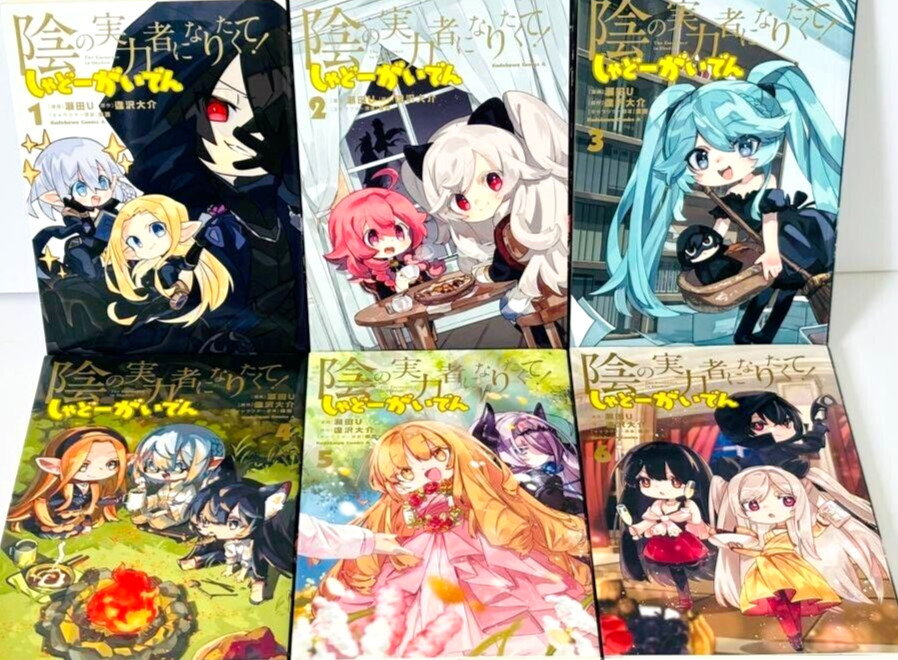 The Eminence in Shadow Shadow Gaiden Vol.1-6 Complete Full Set Manga Comics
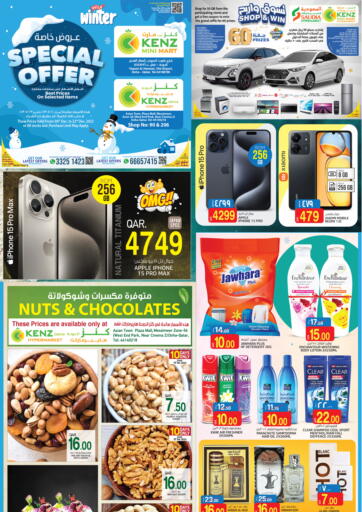 Kenz Mini Mart - Winter special offer in قطر Offers - قطر Winter special offer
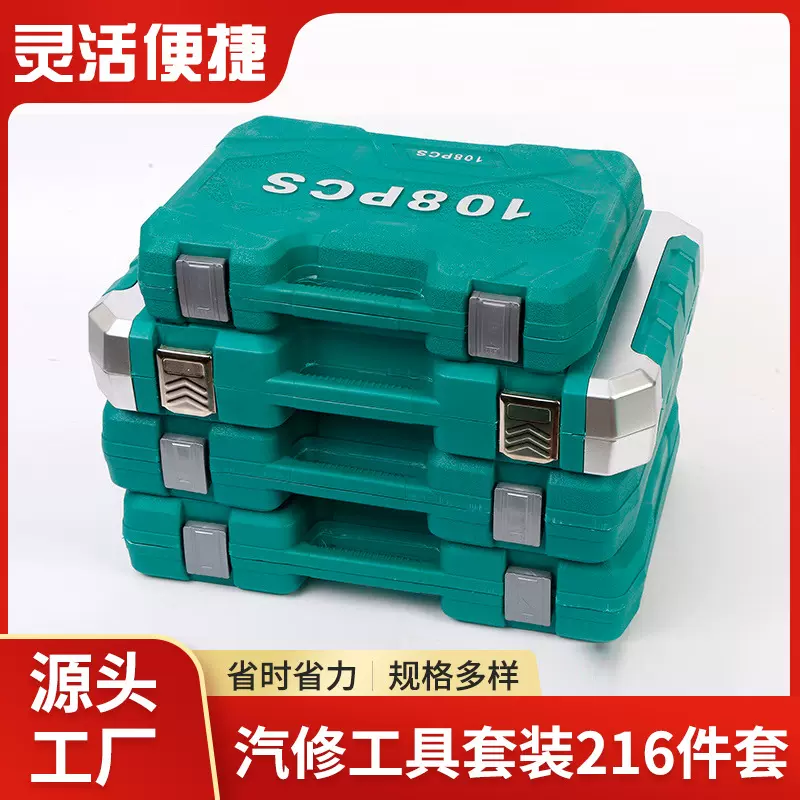 汽修工具套装37件套棘轮伸缩扳手螺丝刀套筒 汽修机修组套工具箱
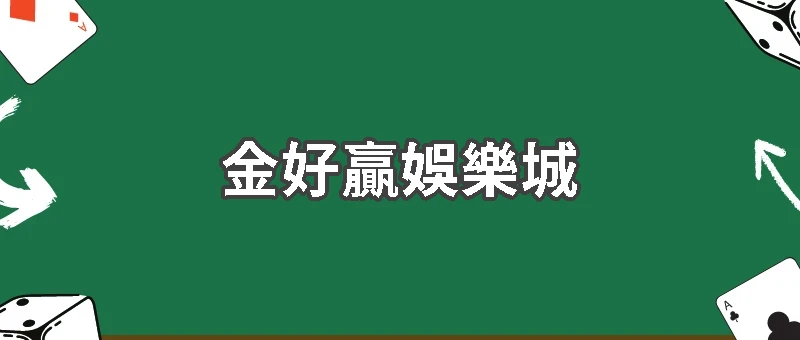 金好贏娛樂城介紹｜熱門遊戲＋RSG 系統支援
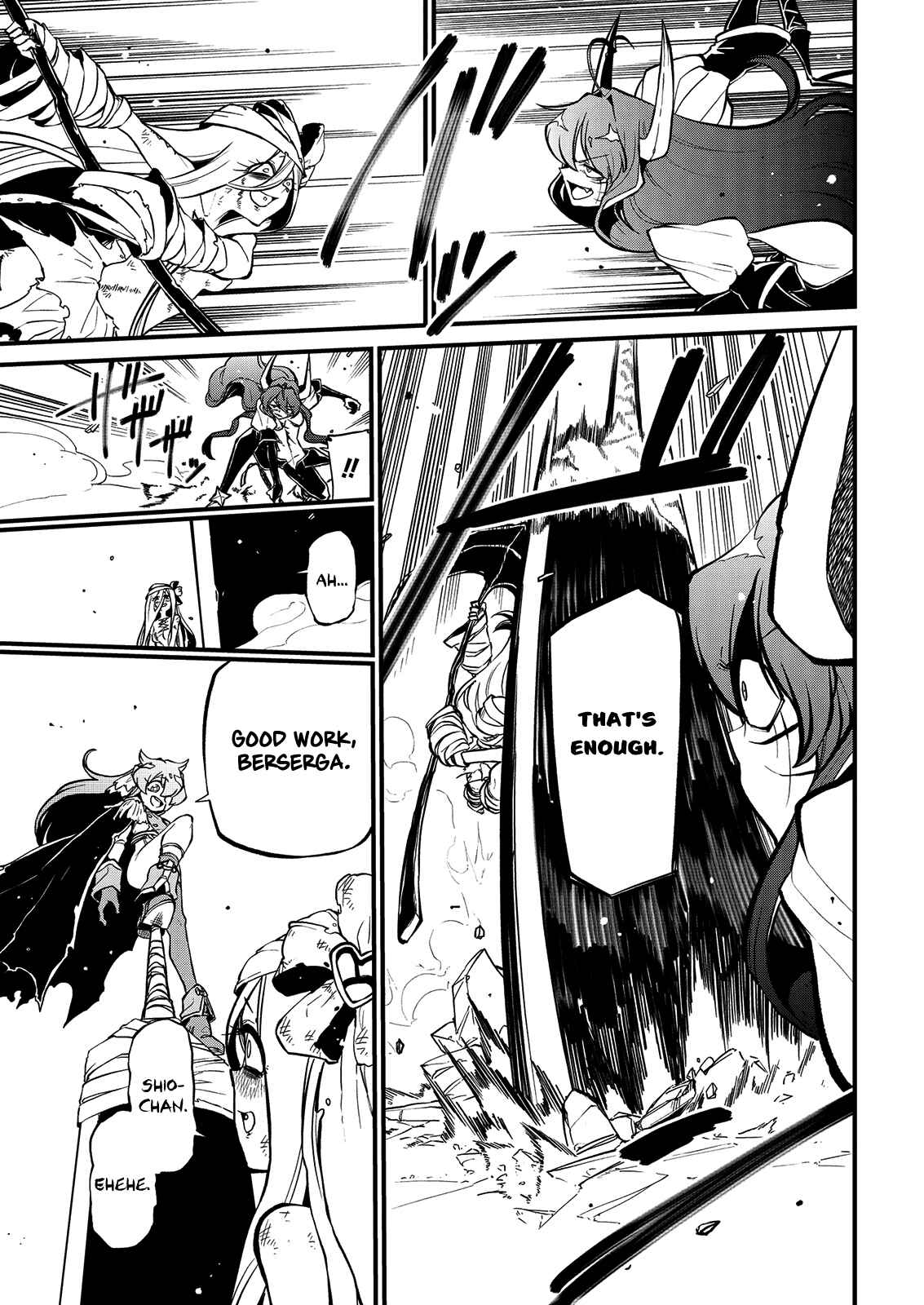 Mahou Shoujo ni Akogarete Chapter 39 - Page 21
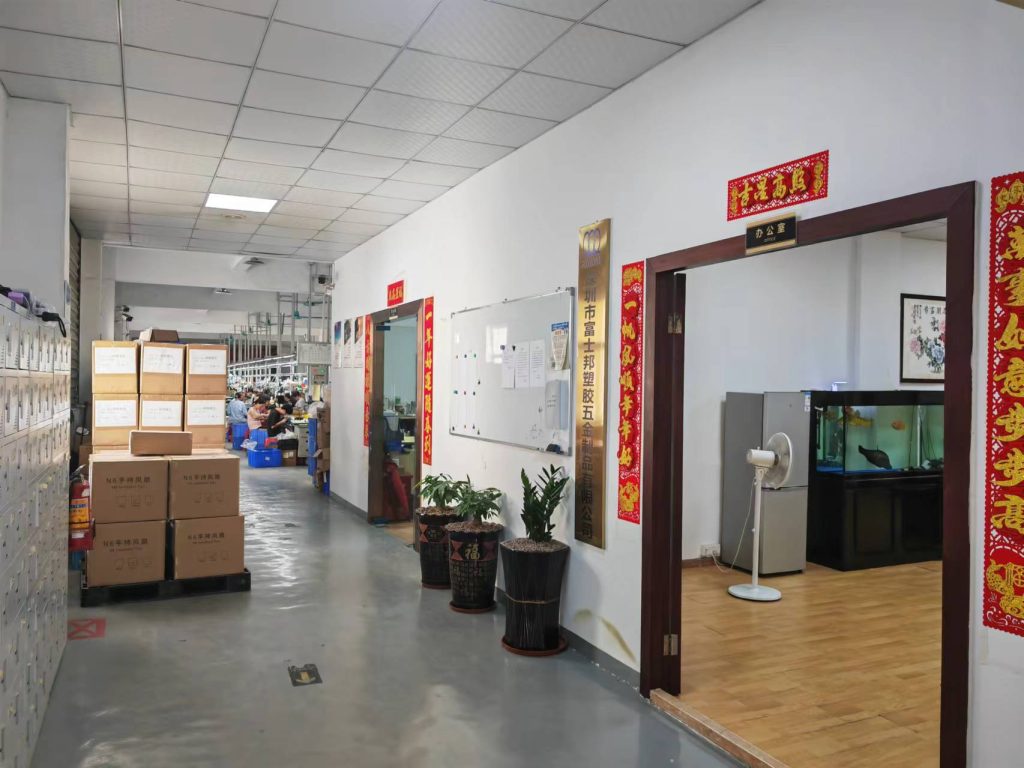 工厂办公区2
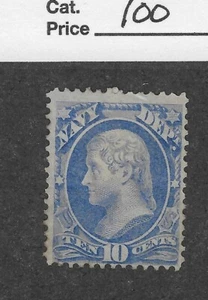 US Scott O44, 10 cent ultramarine, Navy Dept. 1873, MHR, scv. $100 - Picture 1 of 2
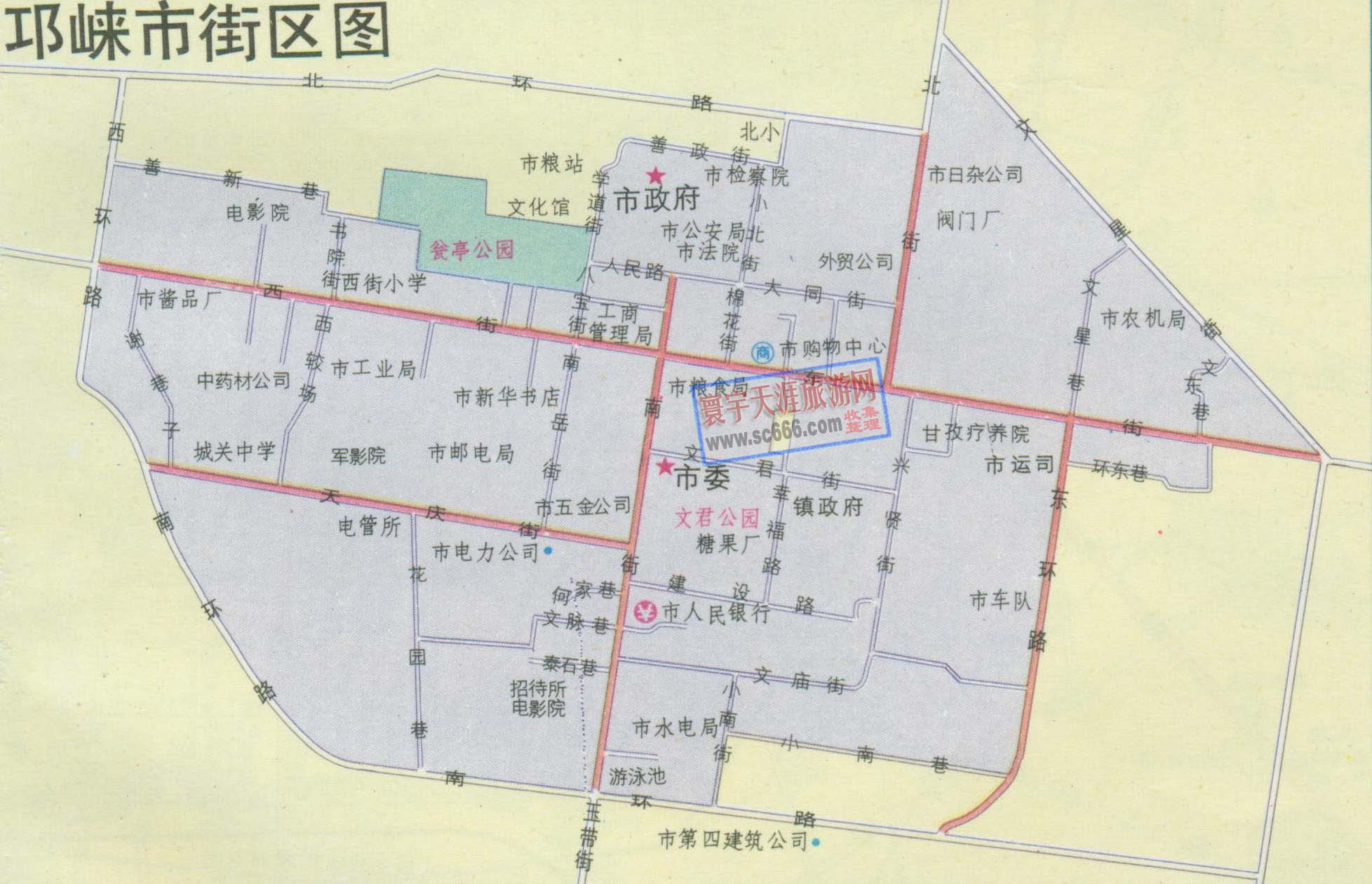 邛崃市城区地图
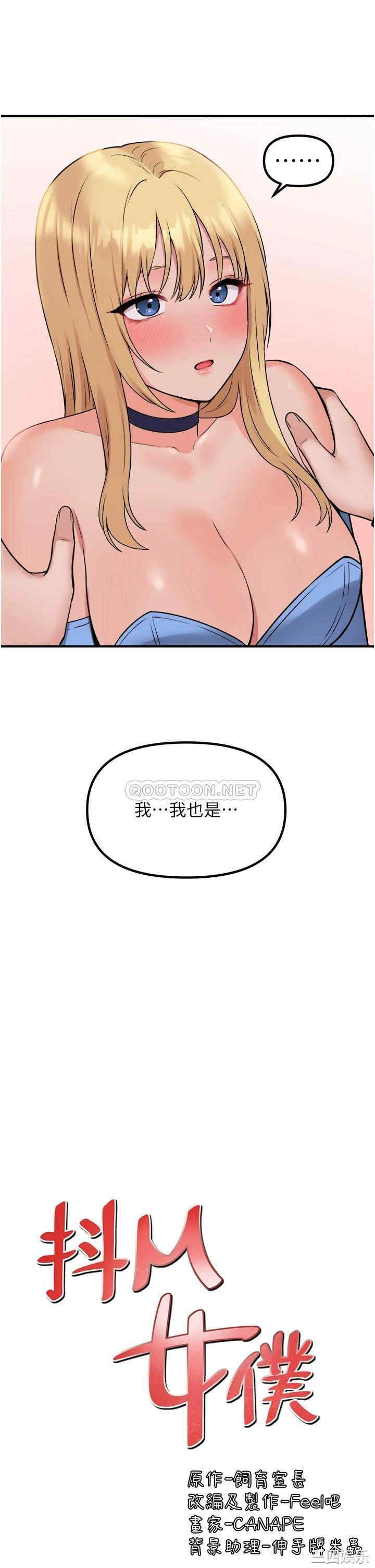 第28张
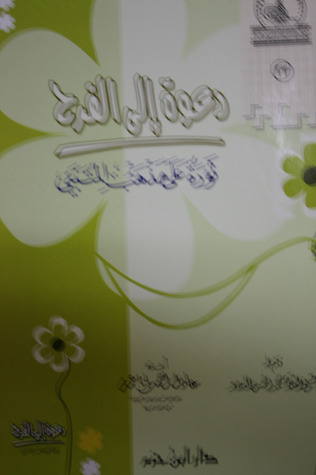 دعوة إلى الفرح: ثورة على مذهب المتنبي (Paperback)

__What is expected__
In your answer, set down the full listing word for word and include no pictures.

__Answer below__
 The Eminence in Shadow Shadow Gaiden Vol.1-6 Complete Full Set Manga Comics
 Kenz Mini Mart - Winter special offer in قطر Offers - قطر Winter special offer
 汽修工具套装37件套棘轮伸缩扳手螺丝刀套筒 汽修机修组套工具箱
 金好贏娛樂城介紹｜熱門遊戲＋RSG 系統支援
 Mahou Shoujo ni Akogarete Chapter 39 - Page 21
 工厂办公区2
 US Scott O44, 10 cent ultramarine, Navy Dept. 1873, MHR, scv. $100 - Picture 1 of 2
 邛崃市城区地图
 第28张
 دعوة إلى الفرح: ثورة على مذهب المتنبي (Paperback)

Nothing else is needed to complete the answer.